Yeah it's an Eden 501 monkfish, nah there will be no issues with it being at the same level, if anything it will increase flow because of the lack of head pressure.

I was going to put mine on the same level but I've. Come up with a way of storing it in the shoe cupboard.


----------



## Monkfish (7 May 2021)

Thats great thanks.  Do you know if the filter has a flow adjuster on it? I'm going tp pair it with a 23l tank and didn't;t want to cause a whirlpool haha


----------



## Ash_bash (7 May 2021)

No adjustment unfortunately, they are rated at 300lph but with restrictions of pipe etc I don't think you'll be much over the 10x volume.

I'm running a oase 100 on my 35cm cube and that's 14x volume per hour and that doesn't seem excessive, I do use a "spiral" Lilly pipe that gets the volume through it without the jet like flow of the normal ones.


----------



## Ash_bash (8 May 2021)

Finally got my tank up and running, took a few pictures of the process.

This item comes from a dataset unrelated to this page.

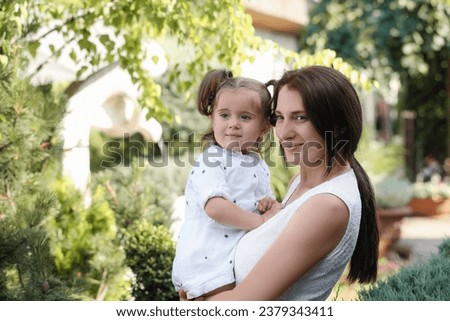 Happy mother with her cute daughter spending time together in park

First take plug out and stick in blue converter, put the tab to the right side of the inlet and turn clockwise to lock it in. The tab will touch the body but it still locks it in place.
Save the black tube with holes in but throw the rest as they won't fit this filter.





Now push the heater in all the way till it stops, this should be tight on the o'ring if you've got the right size, putting a little water on the heater helps.




Next you need to cut 25mm from the black tube with holes in as it's too long for the filter.
once you have done this put the tube in the filter cut side facing up. You can put the top on the filter to show you where the black tube needs to sit to match up with the heater.
it's pretty much exactly in the middle of the chamber, it should look like this.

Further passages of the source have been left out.